October 5th, 2012 by Linda Grear | No Comments | Filed in Estate Planning

There are three basic estate planning documents that all individuals should consider when making a life plan strategy. The specific content of each document will depend on personal and family circumstances, but, everyone should consider having the following documents in place:

Last Will and Testament – A Last Will and Testament is a legal document that includes your personal instructions regarding the distributions of your assets upon your death. The preparation of a Will allows you to designate the beneficiaries of your estate. Your Will may also name a person to serve as executor of your estate.

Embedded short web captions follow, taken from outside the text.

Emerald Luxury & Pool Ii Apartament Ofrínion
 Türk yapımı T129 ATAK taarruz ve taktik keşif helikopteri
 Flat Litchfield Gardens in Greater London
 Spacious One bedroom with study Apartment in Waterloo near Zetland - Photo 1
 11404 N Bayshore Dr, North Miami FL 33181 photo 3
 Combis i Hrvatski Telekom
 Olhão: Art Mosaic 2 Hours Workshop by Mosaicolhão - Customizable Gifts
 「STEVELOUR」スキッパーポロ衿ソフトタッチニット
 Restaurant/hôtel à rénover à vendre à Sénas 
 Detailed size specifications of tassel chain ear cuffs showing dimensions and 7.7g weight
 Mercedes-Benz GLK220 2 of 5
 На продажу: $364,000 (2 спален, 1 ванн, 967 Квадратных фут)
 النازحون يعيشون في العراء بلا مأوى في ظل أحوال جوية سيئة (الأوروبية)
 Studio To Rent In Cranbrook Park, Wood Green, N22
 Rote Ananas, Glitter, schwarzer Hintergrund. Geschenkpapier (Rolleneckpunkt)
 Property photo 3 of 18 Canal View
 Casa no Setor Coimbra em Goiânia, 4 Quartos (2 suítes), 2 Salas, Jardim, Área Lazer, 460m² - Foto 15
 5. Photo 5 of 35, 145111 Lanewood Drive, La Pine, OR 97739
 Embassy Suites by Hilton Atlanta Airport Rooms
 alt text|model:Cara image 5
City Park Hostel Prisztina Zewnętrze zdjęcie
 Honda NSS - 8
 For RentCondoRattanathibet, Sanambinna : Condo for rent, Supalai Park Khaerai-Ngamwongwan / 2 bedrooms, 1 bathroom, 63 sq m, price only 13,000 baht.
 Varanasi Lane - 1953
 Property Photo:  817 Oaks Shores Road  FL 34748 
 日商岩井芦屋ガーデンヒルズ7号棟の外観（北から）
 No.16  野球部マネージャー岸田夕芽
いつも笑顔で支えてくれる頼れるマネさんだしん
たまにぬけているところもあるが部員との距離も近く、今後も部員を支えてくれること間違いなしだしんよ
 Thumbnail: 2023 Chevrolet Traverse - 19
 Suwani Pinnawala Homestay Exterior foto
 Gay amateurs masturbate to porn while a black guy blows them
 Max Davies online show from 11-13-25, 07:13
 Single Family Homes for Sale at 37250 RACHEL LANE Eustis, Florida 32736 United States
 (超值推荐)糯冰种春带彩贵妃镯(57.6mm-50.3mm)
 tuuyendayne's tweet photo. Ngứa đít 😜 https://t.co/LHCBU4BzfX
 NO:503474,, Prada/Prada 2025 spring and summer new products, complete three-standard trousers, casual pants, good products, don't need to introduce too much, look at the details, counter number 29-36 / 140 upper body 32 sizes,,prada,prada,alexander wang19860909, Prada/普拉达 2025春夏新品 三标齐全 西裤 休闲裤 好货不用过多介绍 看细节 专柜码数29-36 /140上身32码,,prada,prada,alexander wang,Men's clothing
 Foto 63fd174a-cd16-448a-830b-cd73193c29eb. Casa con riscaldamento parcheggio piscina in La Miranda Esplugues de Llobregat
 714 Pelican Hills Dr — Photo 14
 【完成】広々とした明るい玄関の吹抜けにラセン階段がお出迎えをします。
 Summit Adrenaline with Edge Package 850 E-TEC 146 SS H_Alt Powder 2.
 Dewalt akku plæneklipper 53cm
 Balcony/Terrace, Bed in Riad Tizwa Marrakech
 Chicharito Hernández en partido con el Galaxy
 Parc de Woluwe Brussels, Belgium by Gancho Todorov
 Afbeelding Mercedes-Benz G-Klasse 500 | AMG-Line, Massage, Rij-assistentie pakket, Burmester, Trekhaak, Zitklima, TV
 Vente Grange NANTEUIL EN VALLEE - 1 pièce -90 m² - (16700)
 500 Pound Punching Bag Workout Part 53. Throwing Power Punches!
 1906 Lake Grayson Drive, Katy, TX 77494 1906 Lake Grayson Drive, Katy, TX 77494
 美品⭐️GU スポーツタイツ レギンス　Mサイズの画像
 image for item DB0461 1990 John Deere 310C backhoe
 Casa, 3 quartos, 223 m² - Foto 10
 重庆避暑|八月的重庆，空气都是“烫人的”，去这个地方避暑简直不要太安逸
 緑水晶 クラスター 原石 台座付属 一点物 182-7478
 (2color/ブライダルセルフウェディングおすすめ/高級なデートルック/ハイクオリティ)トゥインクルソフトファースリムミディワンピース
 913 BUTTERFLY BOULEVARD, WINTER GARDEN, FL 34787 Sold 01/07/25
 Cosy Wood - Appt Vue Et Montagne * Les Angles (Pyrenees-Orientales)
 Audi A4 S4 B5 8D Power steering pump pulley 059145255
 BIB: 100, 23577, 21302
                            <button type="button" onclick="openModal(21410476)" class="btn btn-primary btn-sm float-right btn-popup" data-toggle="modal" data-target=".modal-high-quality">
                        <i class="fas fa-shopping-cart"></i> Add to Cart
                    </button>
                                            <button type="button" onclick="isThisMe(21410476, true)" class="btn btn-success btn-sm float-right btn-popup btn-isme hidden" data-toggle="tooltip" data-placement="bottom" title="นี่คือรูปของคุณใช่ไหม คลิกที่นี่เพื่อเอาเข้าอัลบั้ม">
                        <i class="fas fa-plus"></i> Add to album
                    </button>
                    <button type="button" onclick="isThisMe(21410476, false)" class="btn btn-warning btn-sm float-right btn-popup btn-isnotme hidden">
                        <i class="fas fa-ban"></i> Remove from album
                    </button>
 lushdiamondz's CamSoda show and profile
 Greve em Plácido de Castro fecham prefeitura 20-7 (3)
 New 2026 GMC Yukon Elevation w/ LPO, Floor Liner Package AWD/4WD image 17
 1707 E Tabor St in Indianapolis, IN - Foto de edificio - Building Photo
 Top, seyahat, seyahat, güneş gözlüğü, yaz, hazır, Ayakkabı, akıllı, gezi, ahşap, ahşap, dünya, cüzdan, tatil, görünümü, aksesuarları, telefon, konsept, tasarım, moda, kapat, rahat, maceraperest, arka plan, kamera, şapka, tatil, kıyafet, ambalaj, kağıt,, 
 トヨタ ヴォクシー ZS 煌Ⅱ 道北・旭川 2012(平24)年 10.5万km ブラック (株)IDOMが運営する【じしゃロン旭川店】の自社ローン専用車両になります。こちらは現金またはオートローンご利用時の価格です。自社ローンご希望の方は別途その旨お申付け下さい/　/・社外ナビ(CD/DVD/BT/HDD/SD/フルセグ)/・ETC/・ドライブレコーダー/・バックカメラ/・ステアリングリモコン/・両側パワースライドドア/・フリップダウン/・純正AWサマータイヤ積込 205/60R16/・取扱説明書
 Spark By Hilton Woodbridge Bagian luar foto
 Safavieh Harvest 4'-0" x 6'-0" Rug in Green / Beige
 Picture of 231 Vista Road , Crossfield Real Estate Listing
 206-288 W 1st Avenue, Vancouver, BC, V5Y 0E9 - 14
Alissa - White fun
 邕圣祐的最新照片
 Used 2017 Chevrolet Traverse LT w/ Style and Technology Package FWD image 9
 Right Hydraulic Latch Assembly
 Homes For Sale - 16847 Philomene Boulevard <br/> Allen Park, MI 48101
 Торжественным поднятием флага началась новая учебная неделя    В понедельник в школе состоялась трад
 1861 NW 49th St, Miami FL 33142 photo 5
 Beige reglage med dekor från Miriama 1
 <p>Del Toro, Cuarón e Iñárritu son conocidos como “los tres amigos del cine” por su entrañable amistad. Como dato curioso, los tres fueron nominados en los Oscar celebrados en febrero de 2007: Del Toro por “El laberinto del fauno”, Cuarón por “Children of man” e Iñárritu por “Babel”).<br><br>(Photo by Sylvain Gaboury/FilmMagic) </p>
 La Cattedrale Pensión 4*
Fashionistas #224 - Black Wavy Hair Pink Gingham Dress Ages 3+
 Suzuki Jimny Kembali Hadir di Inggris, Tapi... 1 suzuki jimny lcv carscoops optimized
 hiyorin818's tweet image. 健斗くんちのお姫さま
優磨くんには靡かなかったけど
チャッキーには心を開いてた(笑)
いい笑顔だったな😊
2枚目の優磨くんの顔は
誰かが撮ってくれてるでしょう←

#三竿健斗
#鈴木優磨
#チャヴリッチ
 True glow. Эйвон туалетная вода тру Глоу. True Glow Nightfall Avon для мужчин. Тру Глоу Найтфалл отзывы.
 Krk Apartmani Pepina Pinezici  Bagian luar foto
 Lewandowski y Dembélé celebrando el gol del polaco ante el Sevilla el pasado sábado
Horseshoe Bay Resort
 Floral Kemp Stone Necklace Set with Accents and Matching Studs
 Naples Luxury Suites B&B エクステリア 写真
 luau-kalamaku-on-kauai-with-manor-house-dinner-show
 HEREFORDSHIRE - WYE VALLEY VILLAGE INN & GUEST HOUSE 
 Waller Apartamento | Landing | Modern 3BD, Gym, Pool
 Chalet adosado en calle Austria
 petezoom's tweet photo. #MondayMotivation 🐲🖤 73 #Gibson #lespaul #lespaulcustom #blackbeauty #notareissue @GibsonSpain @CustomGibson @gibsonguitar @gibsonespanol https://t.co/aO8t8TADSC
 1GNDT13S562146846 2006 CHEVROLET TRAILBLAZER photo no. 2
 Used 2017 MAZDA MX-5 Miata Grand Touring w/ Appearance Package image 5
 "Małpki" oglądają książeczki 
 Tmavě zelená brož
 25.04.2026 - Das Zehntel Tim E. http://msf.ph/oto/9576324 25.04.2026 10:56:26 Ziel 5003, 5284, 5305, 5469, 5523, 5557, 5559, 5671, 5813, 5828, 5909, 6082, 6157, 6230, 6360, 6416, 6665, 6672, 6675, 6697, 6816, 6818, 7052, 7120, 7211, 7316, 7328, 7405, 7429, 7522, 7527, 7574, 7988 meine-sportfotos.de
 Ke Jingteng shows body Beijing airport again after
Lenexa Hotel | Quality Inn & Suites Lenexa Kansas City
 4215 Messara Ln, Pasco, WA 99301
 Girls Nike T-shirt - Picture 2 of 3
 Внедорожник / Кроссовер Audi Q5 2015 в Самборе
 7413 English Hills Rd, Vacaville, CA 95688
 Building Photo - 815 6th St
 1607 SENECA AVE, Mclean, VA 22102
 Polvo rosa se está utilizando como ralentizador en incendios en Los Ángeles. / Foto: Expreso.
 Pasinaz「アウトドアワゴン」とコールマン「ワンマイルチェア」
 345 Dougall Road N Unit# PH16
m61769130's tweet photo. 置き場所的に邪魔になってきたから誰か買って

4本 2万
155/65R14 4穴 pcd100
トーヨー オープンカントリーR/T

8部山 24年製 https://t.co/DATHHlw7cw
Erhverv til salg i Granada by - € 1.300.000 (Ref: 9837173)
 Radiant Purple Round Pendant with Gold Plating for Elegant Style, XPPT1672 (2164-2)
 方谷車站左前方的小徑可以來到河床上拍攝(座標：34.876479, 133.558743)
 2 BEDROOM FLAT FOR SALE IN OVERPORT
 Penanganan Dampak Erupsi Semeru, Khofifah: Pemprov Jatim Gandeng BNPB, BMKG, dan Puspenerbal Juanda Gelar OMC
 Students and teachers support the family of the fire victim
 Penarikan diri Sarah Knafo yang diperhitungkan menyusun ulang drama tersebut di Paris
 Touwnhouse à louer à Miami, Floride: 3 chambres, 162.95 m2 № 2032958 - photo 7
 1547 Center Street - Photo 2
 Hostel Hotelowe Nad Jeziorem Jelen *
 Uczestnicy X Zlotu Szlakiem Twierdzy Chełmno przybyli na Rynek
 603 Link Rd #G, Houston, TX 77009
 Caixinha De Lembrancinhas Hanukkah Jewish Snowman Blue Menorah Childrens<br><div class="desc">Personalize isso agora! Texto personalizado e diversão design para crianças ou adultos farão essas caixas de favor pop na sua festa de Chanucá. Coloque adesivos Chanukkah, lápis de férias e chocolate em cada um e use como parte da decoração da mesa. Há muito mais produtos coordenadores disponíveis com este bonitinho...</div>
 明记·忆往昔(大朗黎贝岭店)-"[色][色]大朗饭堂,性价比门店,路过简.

A Will may also name a guardian for any minor children and designate the age when the children will receive their inheritance. Parents of a child with disabilities can also express their preference relative to their child’s future care, education, job training and living arrangements and even establish a trust to supplement governmental benefits received by the disabled child.

Power of Attorney – A Power of Attorney allows you to appoint an agent to make decisions concerning your legal and financial matters in the event you cannot do so for yourself. If something catastrophic happens and you become incapacitated, having a Power of Attorney in place can avoid the alternative of having a Court appoint a guardian, this could take several months and cost several thousand dollars.

Health Care Proxy / Living Will – A Health Care Proxy/Living Will allows you to designate an agent to make health care decisions in the event you are unable to do so yourself. It also allows you to document your wishes concerning treatment in the event you become terminally ill.

The simple act of planning ahead can assure that your personal wishes are followed.